The findings of the recently conducted survey of the languages of India under the aegis of the People’s Linguistic Survey of India have been the talking point since the past few days. The survey results are yet to be published in its entirety, but parts of it has been released through the mainstream media. The numbers about the scheduled and non-scheduled languages, scripts, speakers are fascinating.
Besides the statistics from the census, this independent survey has identified languages which are spoken in remote corners of the country and by as less as 4 people. From some of the reports that have been published, what one can gather is that there are ~780 languages and ~66 scripts presently in use in India. Of which the North Eastern states of India have the largest per capita density of languages and contribute with more than 100 (closer to ~200 if one sums things up) of those. It has also been known that in the last 50 years, ~250 languages have been lost, which I am assuming means that no more speakers of these languages remain.
This and some other things have led onto a few conversations around the elements of language diversity that creep into the everyday Indian life. Things that we assume for normal, yet are so diametrically varied from monolingual cultures. To demonstrate, we picked names of acquaintances/friends/co-workers and put 2 or more of them together to find what was a common language for each group. In quite a few cases we had to settle that English was the only language a group of randomly picked people could converse in. Well if one has been born in (mostly) urban India anytime onwards from the 1970s (or maybe even earlier), this wouldn’t be much of a surprise. The bigger cities have various degrees of cosmopolitan pockets. From a young age people are dragged through these either as part of their own social circle (like school) or their parents’. Depending upon the location and social circumstances English is often the first choice.
When at age 10 I had to change schools for the very first time, I came home open-mouthed and narrated to my mother that in the new school the children speak to each other in Bengali! Until that time, Bengali was the exotic language that was only spoken at home and was heard very infrequently on the telly on sunday afternoons. The conservative convent school where I went was a melting pot of cultures with students from local North East Indian tribes, Nepalis (both from India and Nepal), Tibetans, Chinese, Bhutanese and Indians from all possible regions where Government and Armed Forces personnel are recruited from.

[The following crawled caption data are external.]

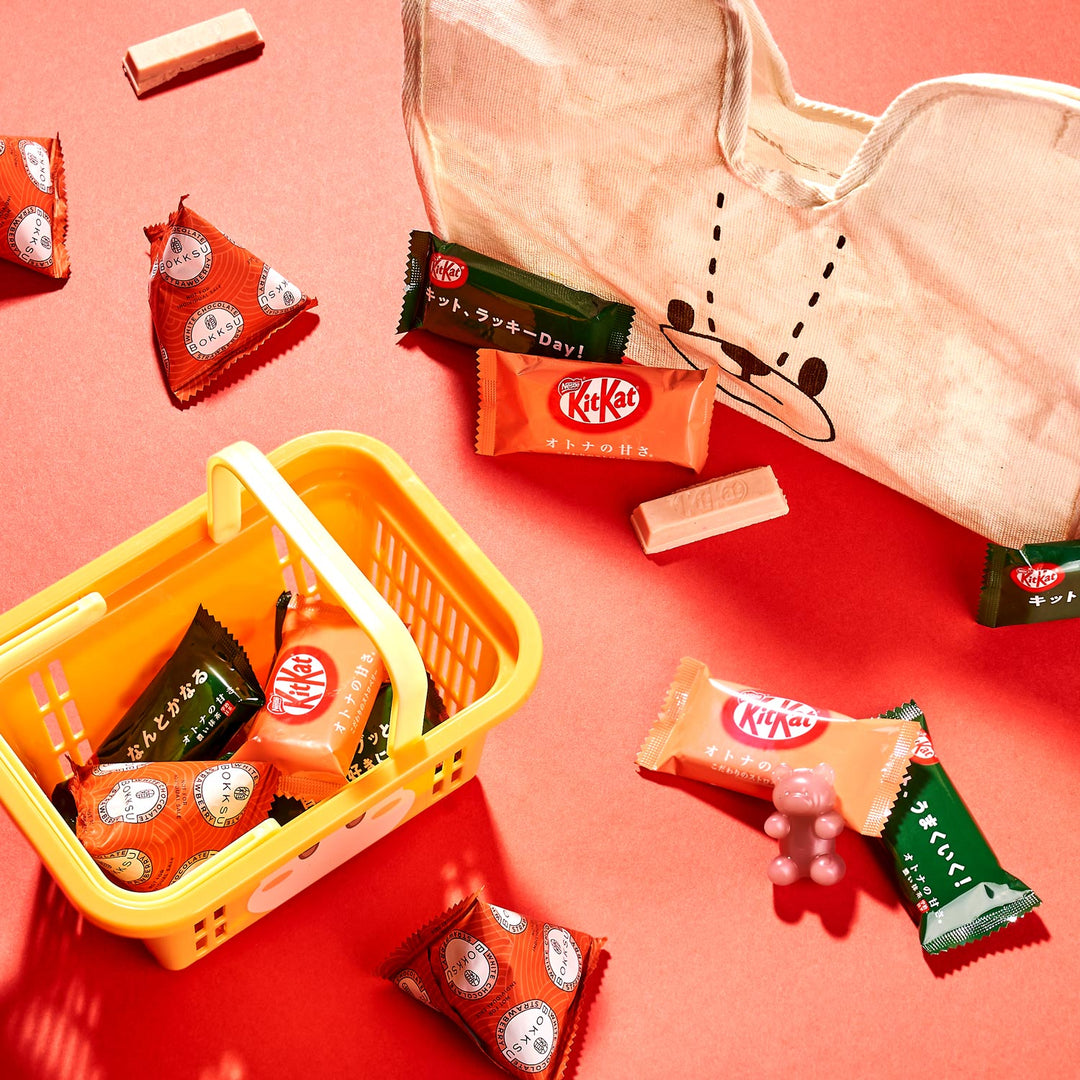 Assorted KitKat bars in orange, green, and red wrappers are spread on a red surface, accompanied by a cloth bag and a small yellow basket from the Bokksu Kawaii Gift Pack - Stationery Surprises & Japanese Chocolate Treats.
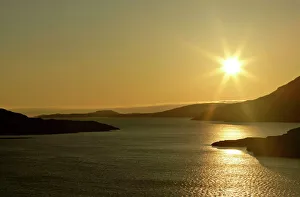 Sunset over Loch Broom - with sun still up casting red light over water Sunset over Loch Broom - with sun still up casting red light over water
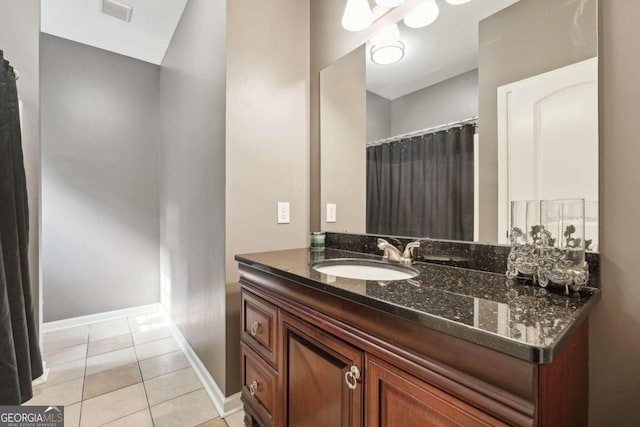 bathroom featuring tile patterned floors and vanity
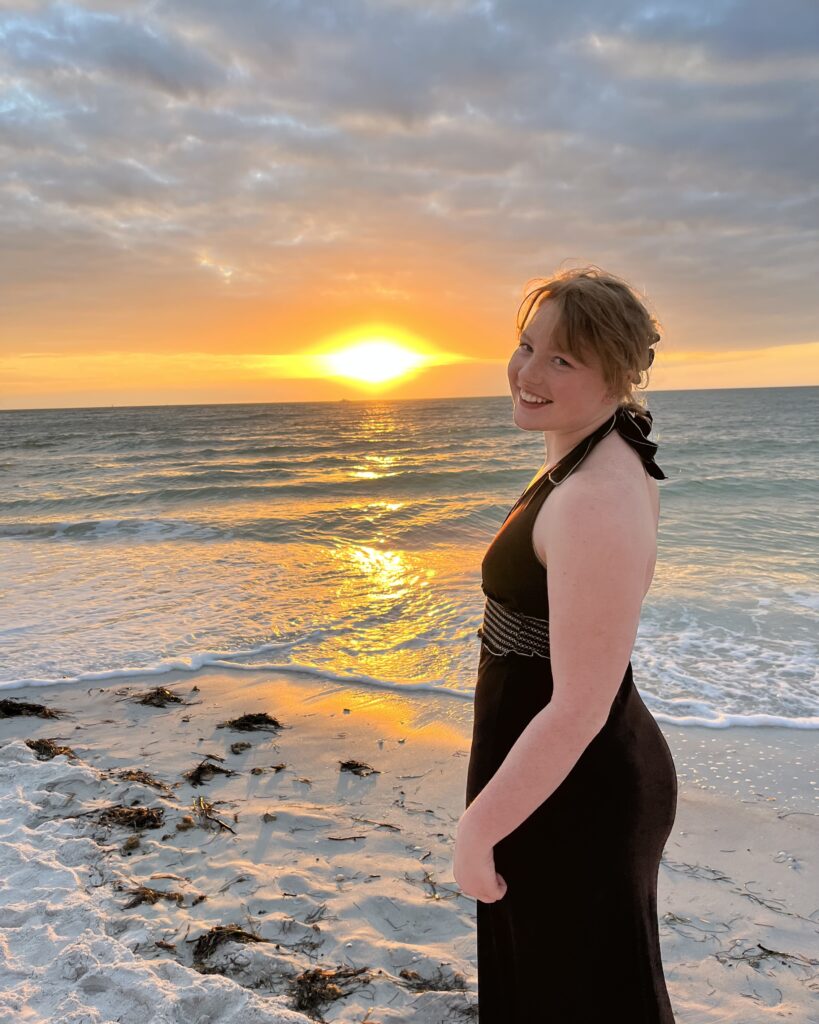 Maggie turned away from camera looking back and smiling while the sun is setting in the background.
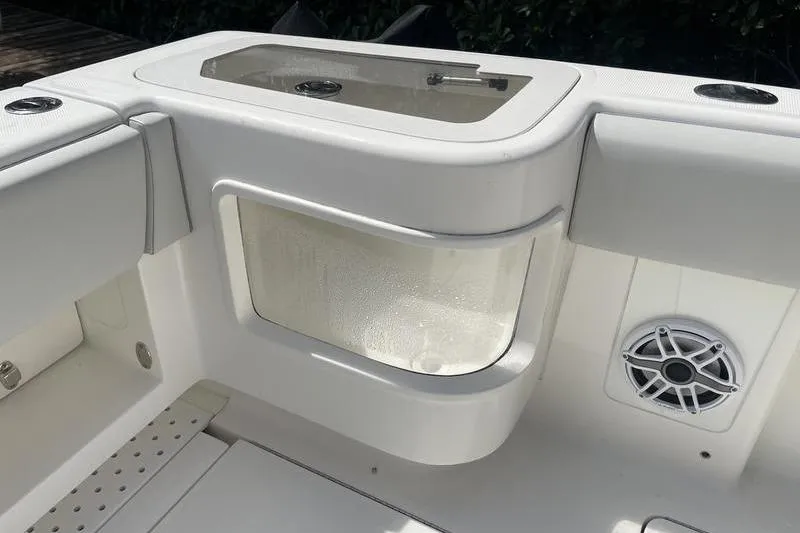 Slide: The Image of 2022 SeaVee 370z boat interior with storage compartment and speaker. - 5
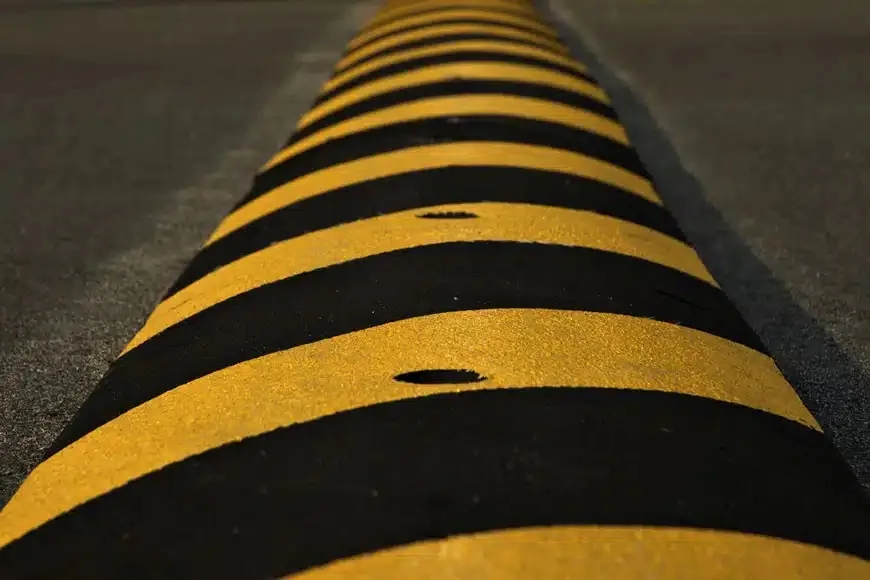 Close-up of an asphalt speed bump with yellow and black striping, an example of speed bump installation in Spokane, WA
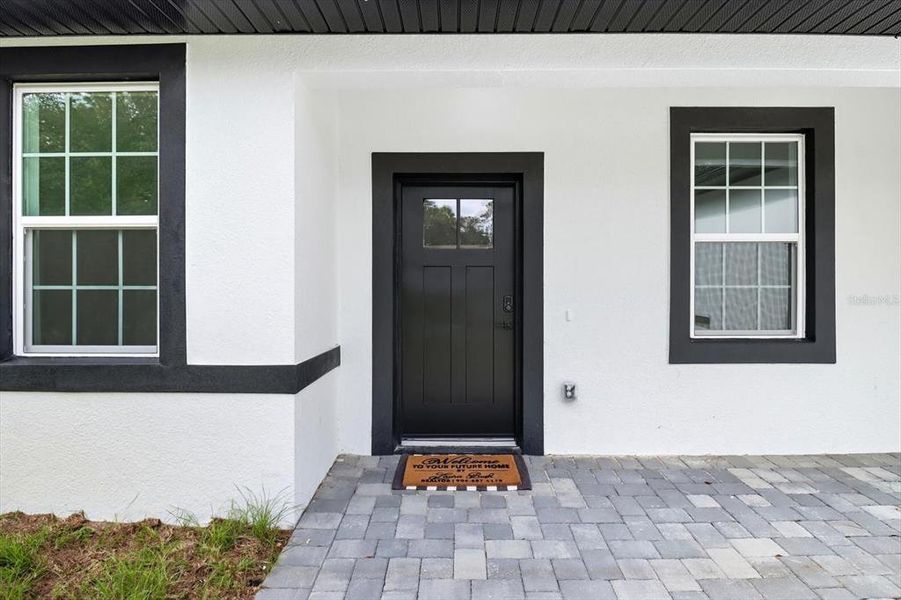 Front exterior of a new home in , Citrus Springs, FL, highlighting curb appeal (Image 16).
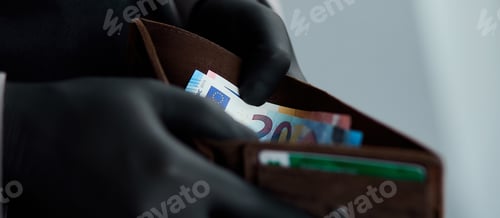 Preview: Man holding a wallet with money euro in hand in black medical gloves.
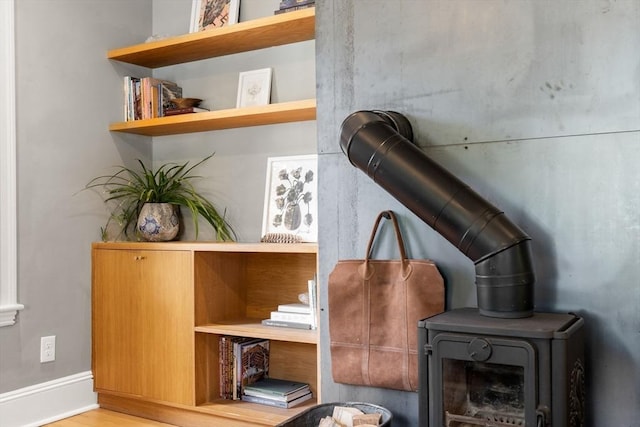 68 Cliftondale St, Boston, MA 02131 - detailed view of wood finished floors, a wood stove, and baseboards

Even the kid next door who went to the same school spoke in English with me at school and in Bengali at the playground in the evening.
The alternative would be the pidgin that people have to practice out of necessity. Like me and the vegetable vendor in the sunday market. I don’t know her language fluent enough to speak (especially due to the variation in dialect), she probably hasn’t even heard of mine, and we both speak laughable hindi. What we use is part Hindi and part Marathi and a lot of hand movements to transact business. I do not know what I would do if I was living further south were Hindi is spoken much less. But it would be fun to try out how that works.
An insanely popular comic strip has been running since the past year – Guddu ang Gang, by Garbage Bin Studios. The stories are a throwback to our growing up years from the late 80s and 90s and touched so many chords on a personal level. The conversations are in Hindi, but the script they use is English. Like so many other thousands of people I have been following it and even purchased the book that came out. But maybe it wouldn’t have been the same amount of fun if the script was in Devanagari. I don’t read it fast enough. And no, in this case translating the text won’t make any sense. There is Chacha Chaudhary for that. Or even Tintin comics. Thanks to Anandamela, most people my age have grown up reading Tintin and Aranyadeb (The Phantom) comics in Bengali. There also exist juicy versions of Captain Haddock’s abuses.
Last year I gave a talk at Akademy touching on some of these aspects of living in a multi-cultural environment. TL&DR version: the necessities that requires people to embrace so many languages – either for sheer existence or for the fringes, and how we can build optimized software and technical content. For me, its still an area of curiosity and learning. Especially the balance between practical needs and cultural preservation.
** Note about the title: bolta – Hindi:’saying’, Bengali:’wasp’. Go figure!